Assignment: In your copy of the data, omit the pictures and keep all else exactly as given.
** Opening Collected data block **
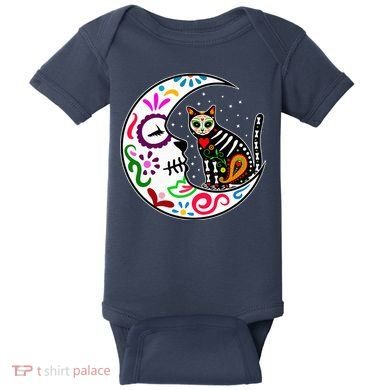 Sugar Skull Cat Moon Dia De Los Muertos Mexican Baby Bodysuit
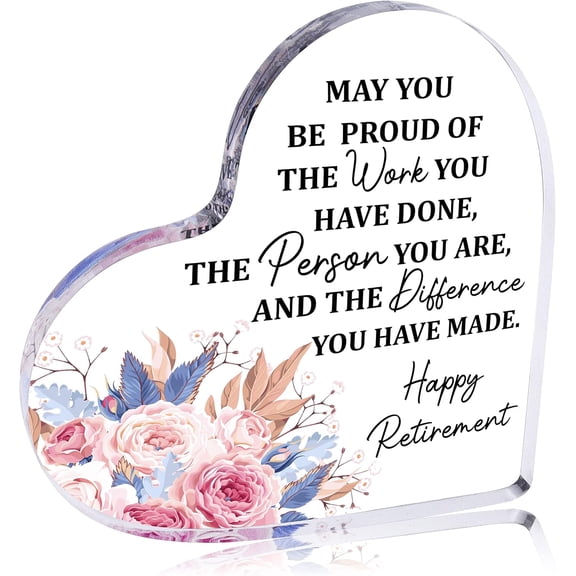 Retirement Gifts for Women Men Thank You Appreciation Gift for Boss Coworker Nurse Teacher Best Friend Heart Shape Acrylic Ornaments Acrylic Plaque, 4"x4"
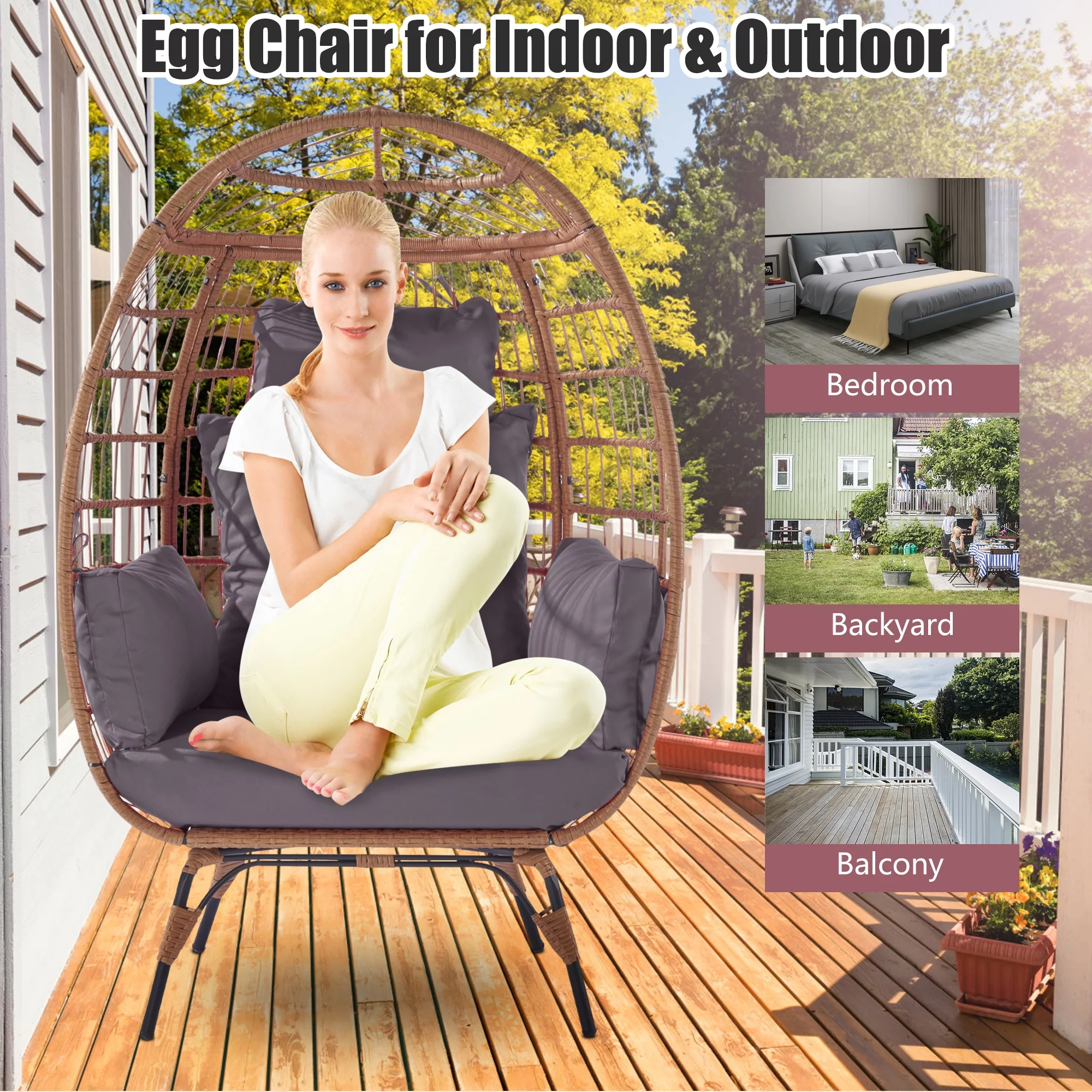 Wicker Egg Chair, Oversized Indoor Outdoor Boho Lounger Chair Stationary Egg Basket Chair, All-Weather 440lb Capacity Patio Chair, Dark Gray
** Closing Collected data block **
Exercise result:
 Sugar Skull Cat Moon Dia De Los Muertos Mexican Baby Bodysuit
 Retirement Gifts for Women Men Thank You Appreciation Gift for Boss Coworker Nurse Teacher Best Friend Heart Shape Acrylic Ornaments Acrylic Plaque, 4"x4"
 Wicker Egg Chair, Oversized Indoor Outdoor Boho Lounger Chair Stationary Egg Basket Chair, All-Weather 440lb Capacity Patio Chair, Dark Gray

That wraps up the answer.